Some 62 per cent of people in Lancaster say they are proud to be English compared to 57 per cent nationally, a new poll suggests.
The YouGov survey for the BBC found that eight out of 10 people in England identify strongly as English but pride varies by age.
Nearly three quarters of people in Lancaster also said they felt they could not influence local decisions.
Young people are far less likely to feel proud to be English than older generations, the survey of 20,081 people found.
Nationally, 72 per cent of over-65s are proud to be English, compared with 45 per cent of 18-24s.
In Lancaster, 49 per cent of people think the best years are in the past, compared to 17 per cent believing the best years are still to come.
Some 11 per cent felt the local area was getting better, while 31 per cent felt it was getting worse, and 72 per cent felt they could not influence local decision making.

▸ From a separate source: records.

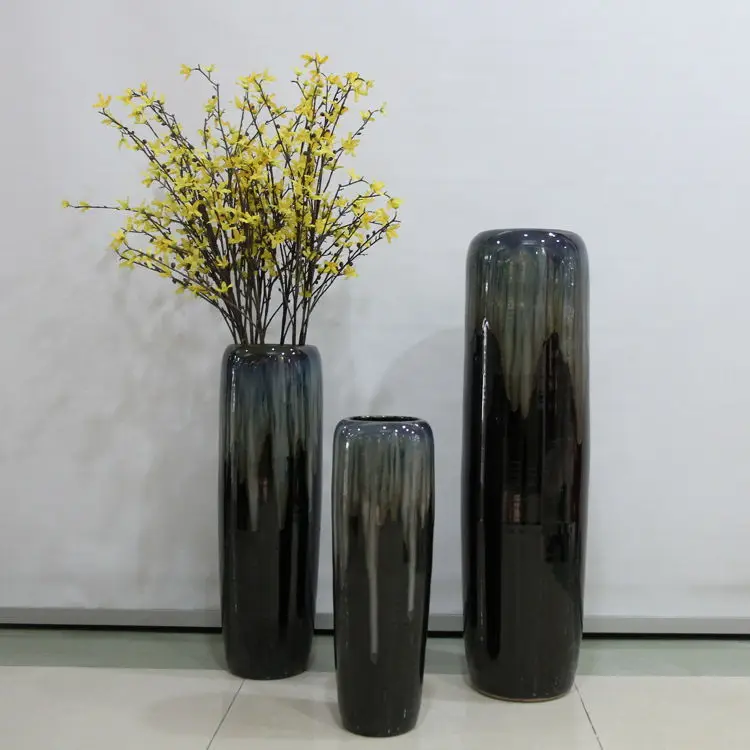 Vase Set Living Room Porch Decoration Flow Glaze Floor Bracket Cylinder  Tall Vasi Neri Grandi 3-piece  Home Large 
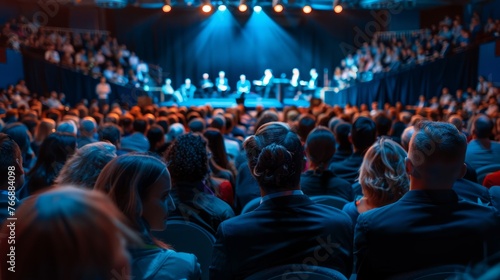 A crowd of diverse individuals gathered together, seated in rows facing a stage, possibly attending a performance or event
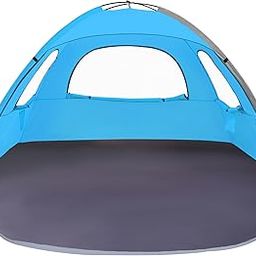 WhiteFang Beach Tent Sun Shelter Pop Up - Easy Setup Beach Shade for 3-4 Person with UPF 50+ Protection, Extended Floor & 3 Ventilation Windows丨Carrying Bag, Stakes, Guy Lines (Deluxe XL) (Sky Blue)-image-71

The survey suggested that English pride is felt by about two thirds of people in coastal and former industrial towns but less than half of people in major cities like Liverpool and Manchester.
Humour, tradition and good manners are the characteristics most associated with being English.
Although more than half of respondents consider strongly that generosity and plain-speaking were part of the English identity, less than half think the English are a liberal, outward-looking people.
And less than four in 10 consider Englishness to be defined by “yob culture”.
Only one in four consider the English to be a “loud” people.